Segment Start: RECORDS FOR THIS EXERCISE
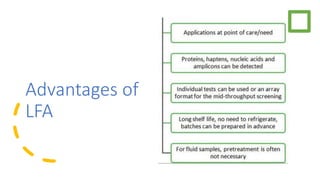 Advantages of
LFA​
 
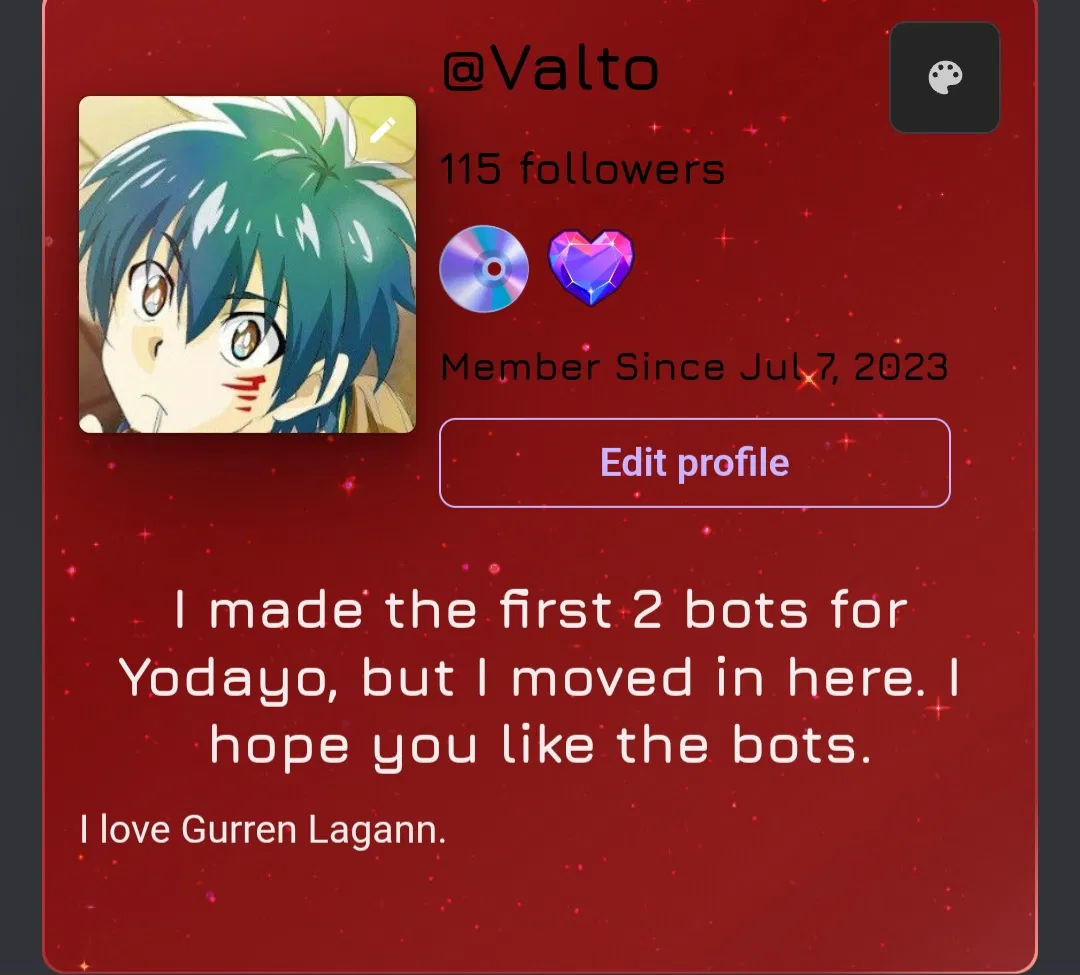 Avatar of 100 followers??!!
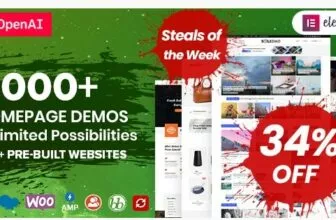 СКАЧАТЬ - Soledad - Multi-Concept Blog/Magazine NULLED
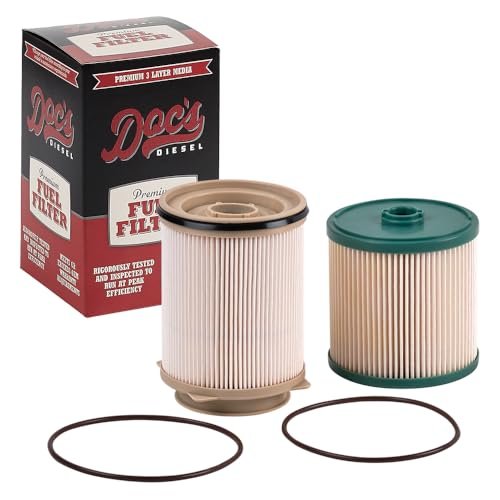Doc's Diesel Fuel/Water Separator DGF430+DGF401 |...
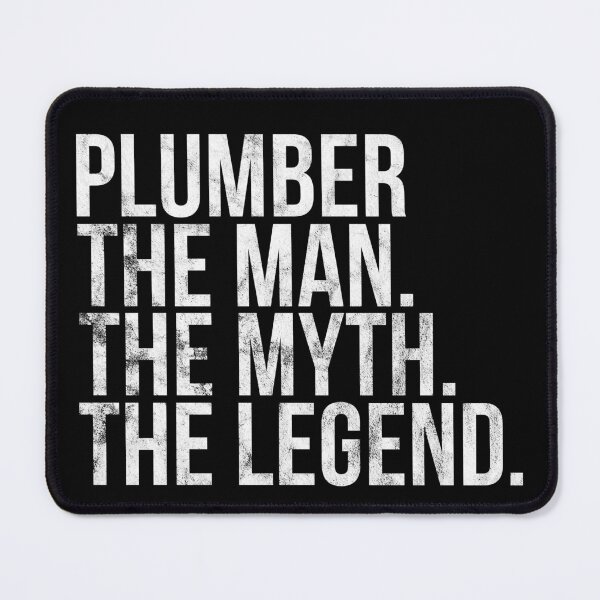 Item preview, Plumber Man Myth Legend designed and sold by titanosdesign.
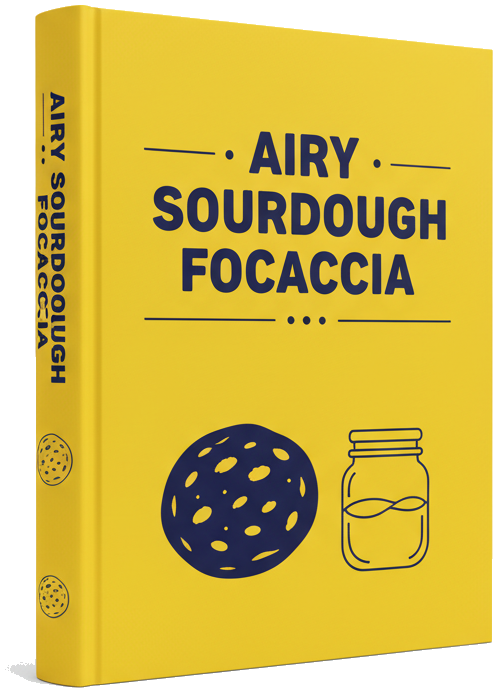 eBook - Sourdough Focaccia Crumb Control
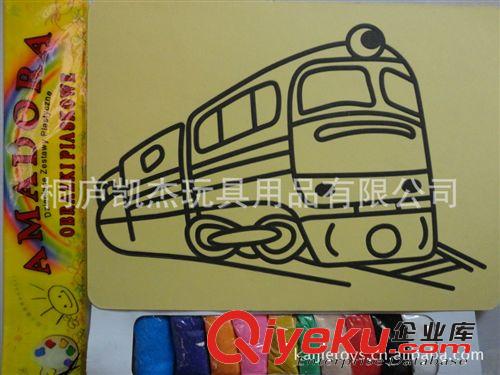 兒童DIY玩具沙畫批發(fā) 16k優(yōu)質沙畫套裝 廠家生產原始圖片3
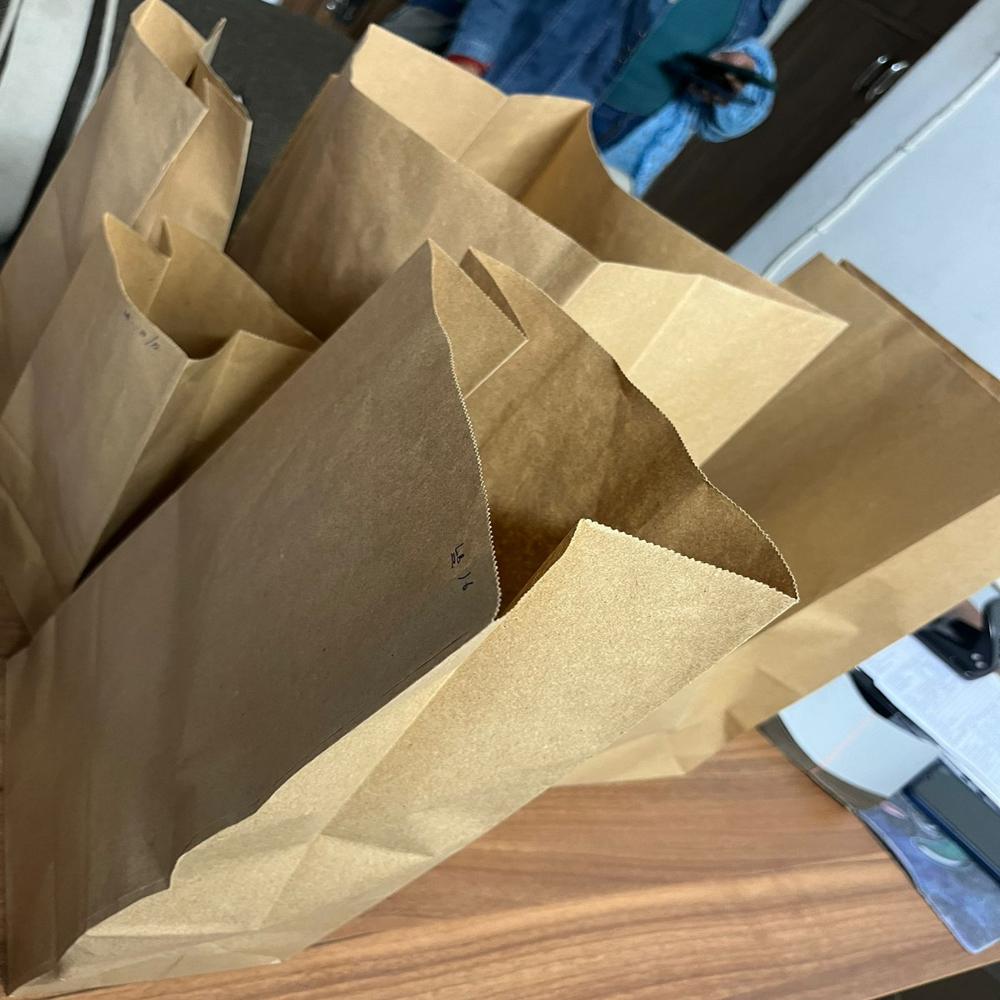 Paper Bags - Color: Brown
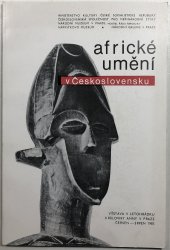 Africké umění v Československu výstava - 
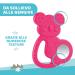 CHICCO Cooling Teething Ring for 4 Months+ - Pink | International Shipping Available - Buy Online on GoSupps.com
Segment End: RECORDS FOR THIS EXERCISE
Segment Start: RECORDS FOR THIS EXERCISE
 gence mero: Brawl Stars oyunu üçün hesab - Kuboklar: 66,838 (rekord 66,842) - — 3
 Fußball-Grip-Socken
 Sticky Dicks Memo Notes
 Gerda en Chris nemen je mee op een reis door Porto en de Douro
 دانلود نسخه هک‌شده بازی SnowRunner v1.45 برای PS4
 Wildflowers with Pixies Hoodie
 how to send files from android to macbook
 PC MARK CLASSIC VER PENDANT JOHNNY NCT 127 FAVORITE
Segment End: RECORDS FOR THIS EXERCISE
> _EXERCISE GOAL_: All lines in the data above from the one with "Wildflowers with Pixies Hoodie" through the one with "PC MARK CLASSIC" must be repeated exactly, and no others.

> _TASK SOLUTION_:
 Wildflowers with Pixies Hoodie
 how to send files from android to macbook
 PC MARK CLASSIC VER PENDANT JOHNNY NCT 127 FAVORITE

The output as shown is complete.